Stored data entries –
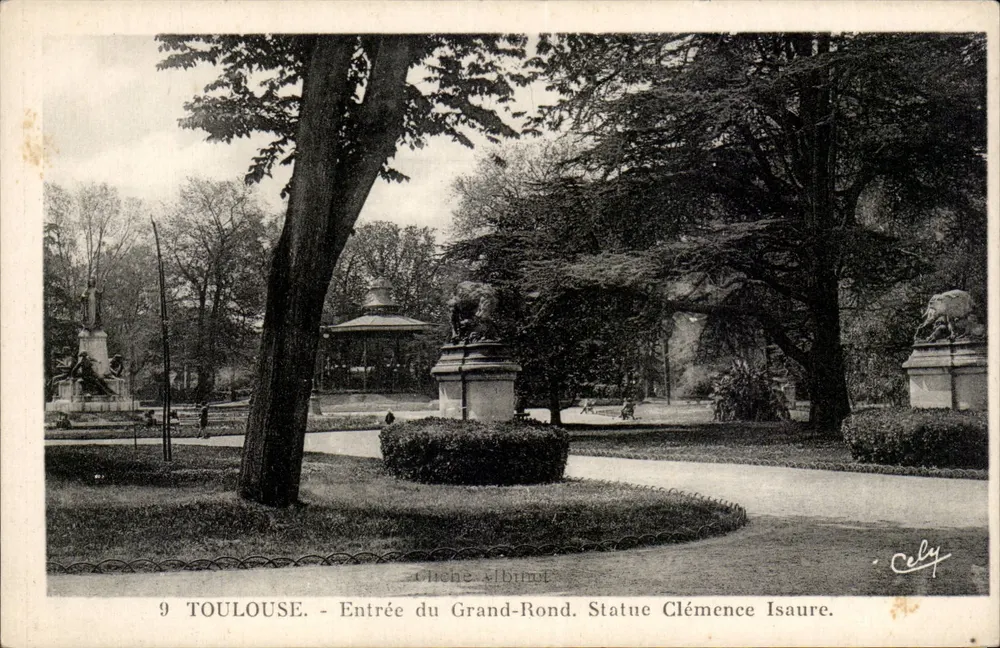 Toulouse - Eingang zum Grand-Rond. Statue Clémence Isauré. - Vorderseite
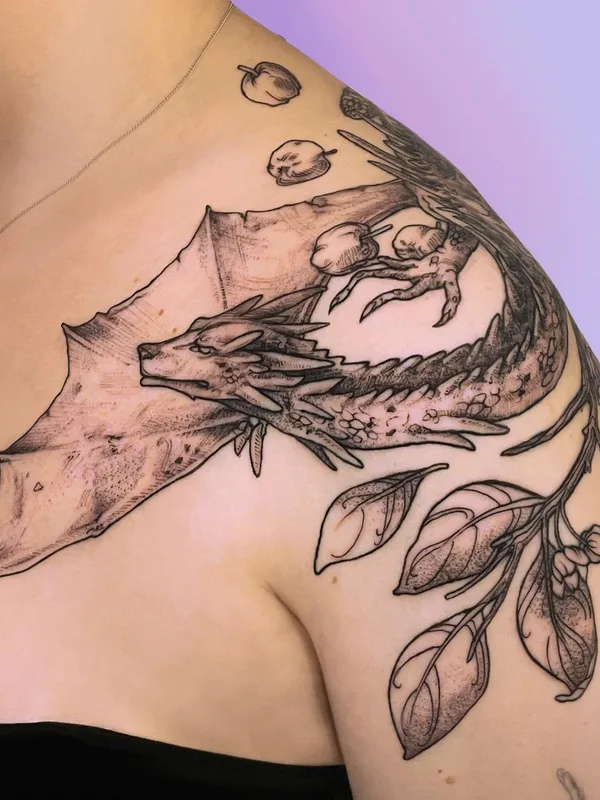 female black and grey sketch 纹身 在 shoulder #49915 | 纹身师 Анна Славная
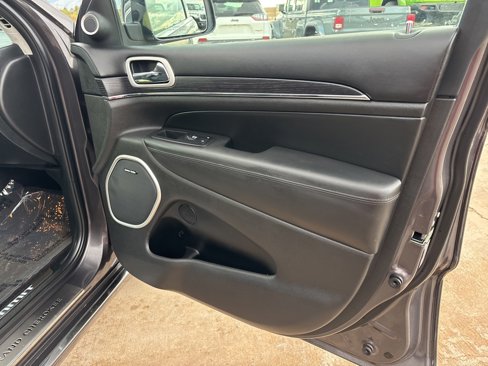 Used 2018 Jeep Grand Cherokee Summit image 26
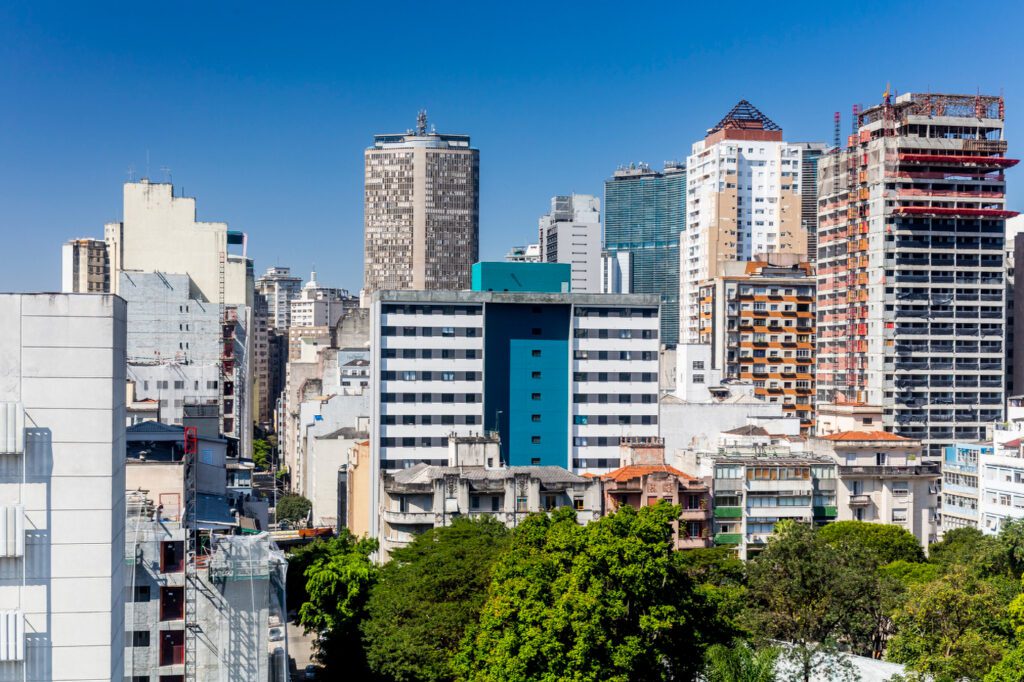 Vista urbana de Ribeirão Preto com edifícios e áreas verdes em dia ensolarado
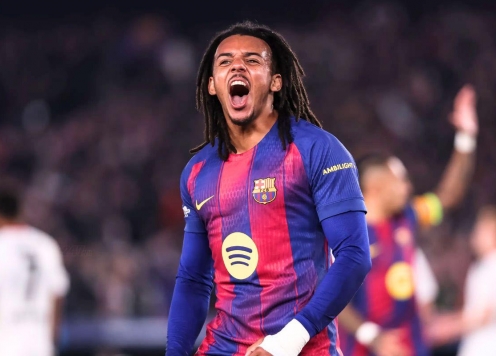 'Người hùng bất đắc dĩ' Kounde chỉ thẳng vấn đề của Barca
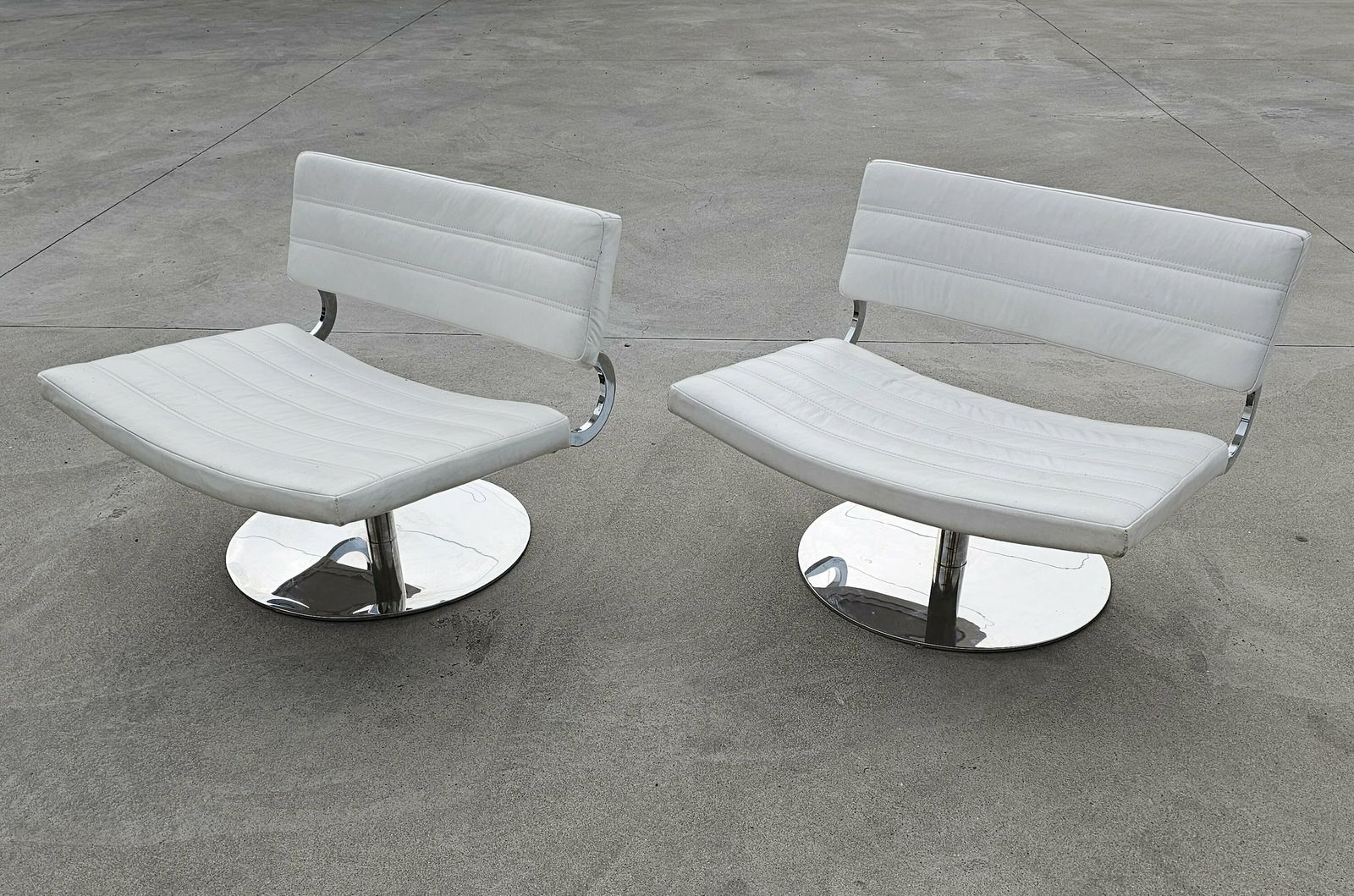 Pair Of Postmodern Swivel Lounge Chairs In White Leather And Chrome // Revolving Lounge Chairs // Made In Italy In 1970s photo vinterior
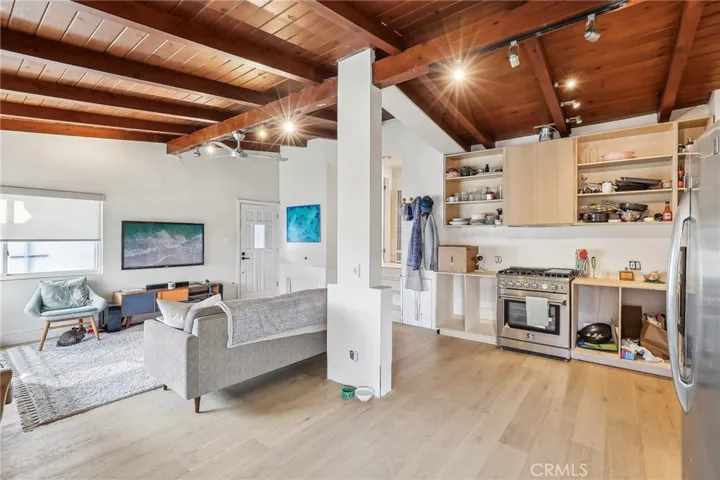 225 9th Street, Manhattan Beach, California 90266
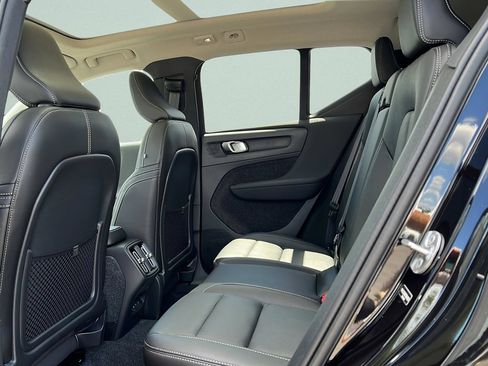New 2026 Volvo XC40 B5 Plus w/ Climate Package AWD/4WD image 9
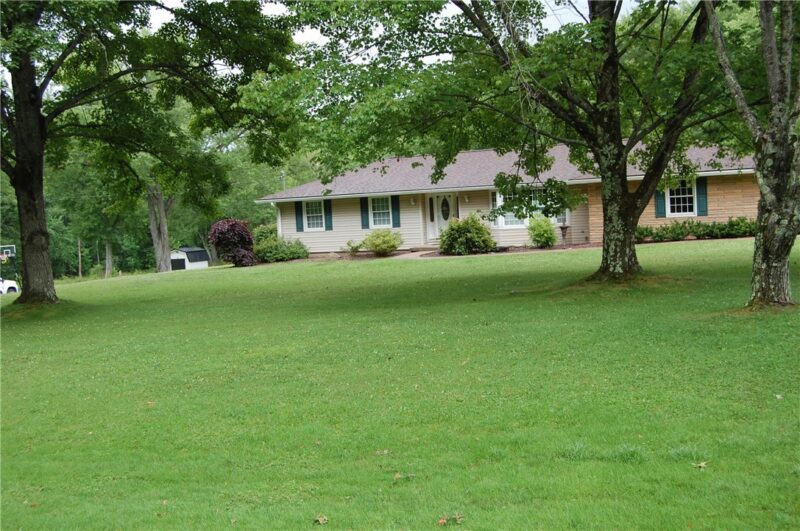 309 Conestoga Trl — photo 2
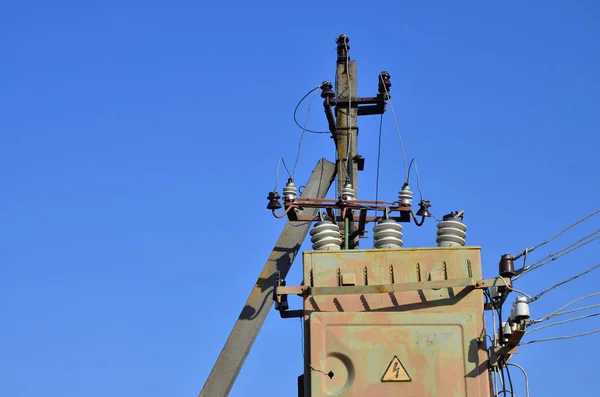 Old Obsolete Electrical Transformer Background Cloudless Blue Sky Device Distribution — Stock Photo, Image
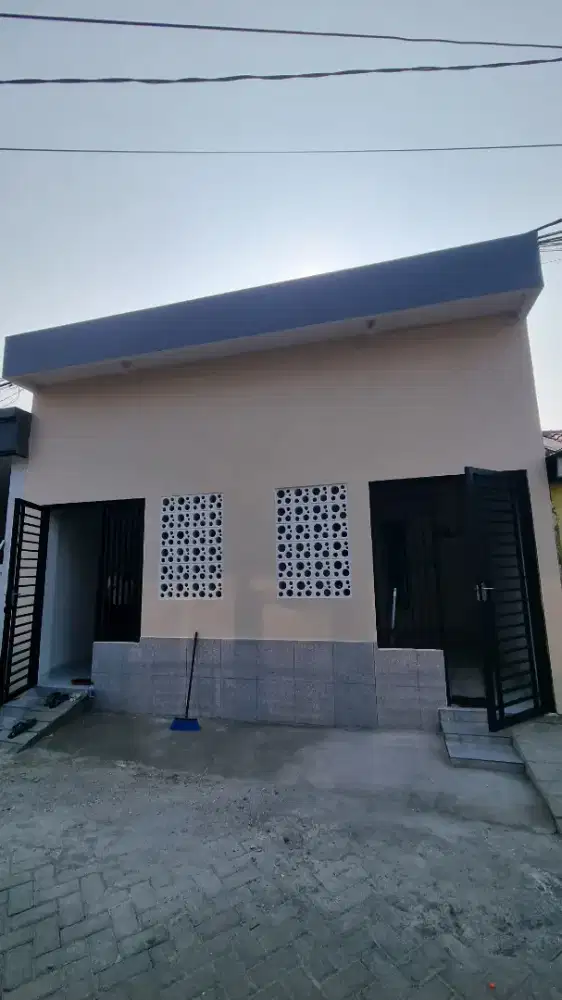 DISEWAKAN RUMAH MEZANIN KEREN 2 LT MURAH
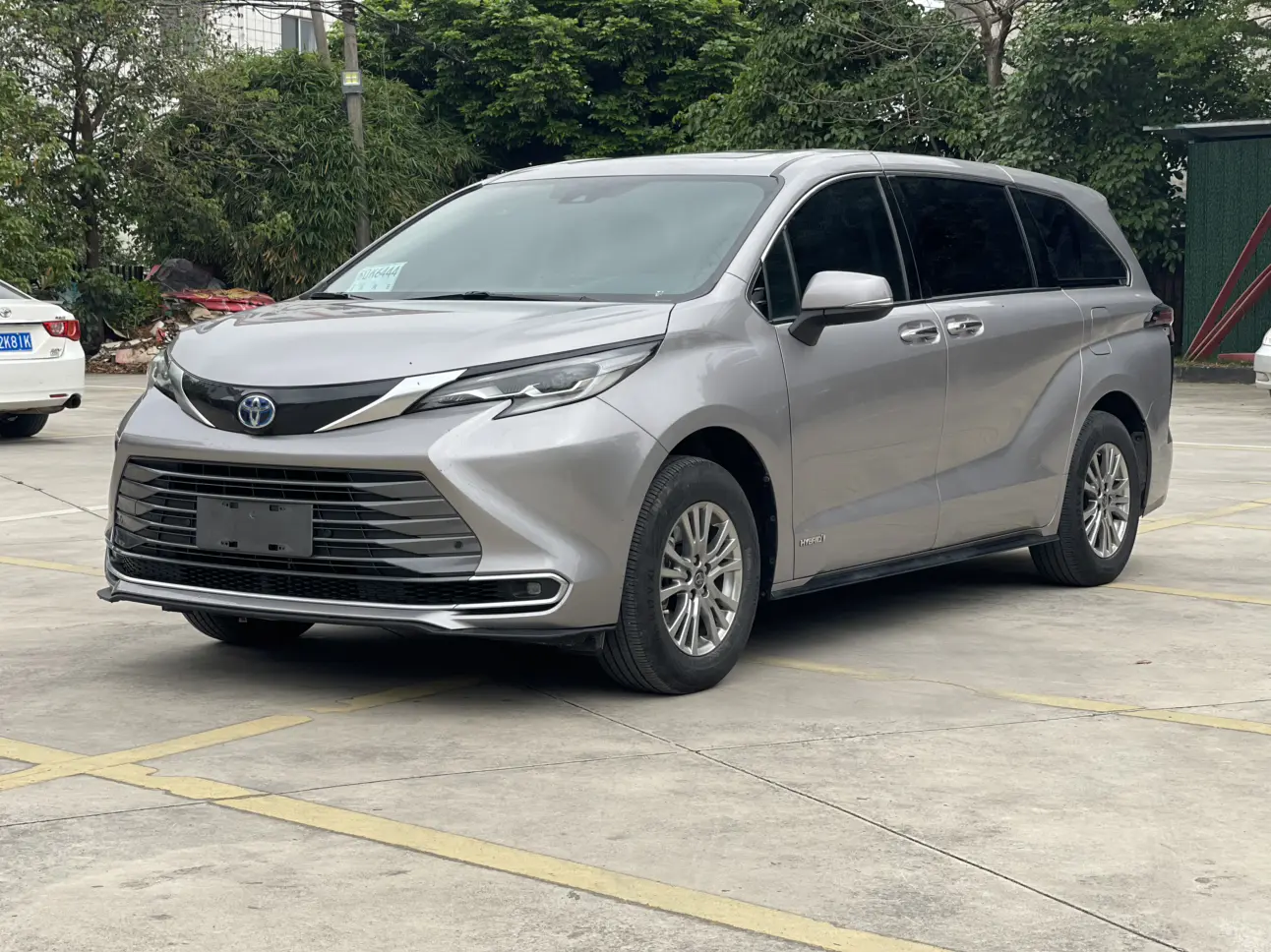 Toyota Sienna  из Китая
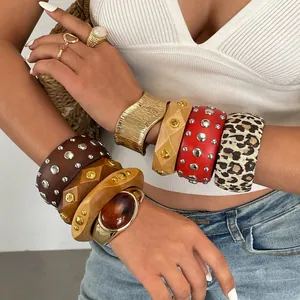 Vintage Europäischer Harz Metall Niet Viereckiger Armreif Ethno Holzmaserung Armband Für Damen Retro Schmuck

TASK – Give every line of the data above again as it stands; the pictures stay out.

WRITTEN ANSWER –
 Toulouse - Eingang zum Grand-Rond. Statue Clémence Isauré. - Vorderseite
 female black and grey sketch 纹身 在 shoulder #49915 | 纹身师 Анна Славная
 Used 2018 Jeep Grand Cherokee Summit image 26
 Vista urbana de Ribeirão Preto com edifícios e áreas verdes em dia ensolarado
 'Người hùng bất đắc dĩ' Kounde chỉ thẳng vấn đề của Barca
 Pair Of Postmodern Swivel Lounge Chairs In White Leather And Chrome // Revolving Lounge Chairs // Made In Italy In 1970s photo vinterior
 225 9th Street, Manhattan Beach, California 90266
New 2026 Volvo XC40 B5 Plus w/ Climate Package AWD/4WD image 9
 309 Conestoga Trl — photo 2
 Old Obsolete Electrical Transformer Background Cloudless Blue Sky Device Distribution — Stock Photo, Image
 DISEWAKAN RUMAH MEZANIN KEREN 2 LT MURAH
 Toyota Sienna  из Китая
 Vintage Europäischer Harz Metall Niet Viereckiger Armreif Ethno Holzmaserung Armband Für Damen Retro Schmuck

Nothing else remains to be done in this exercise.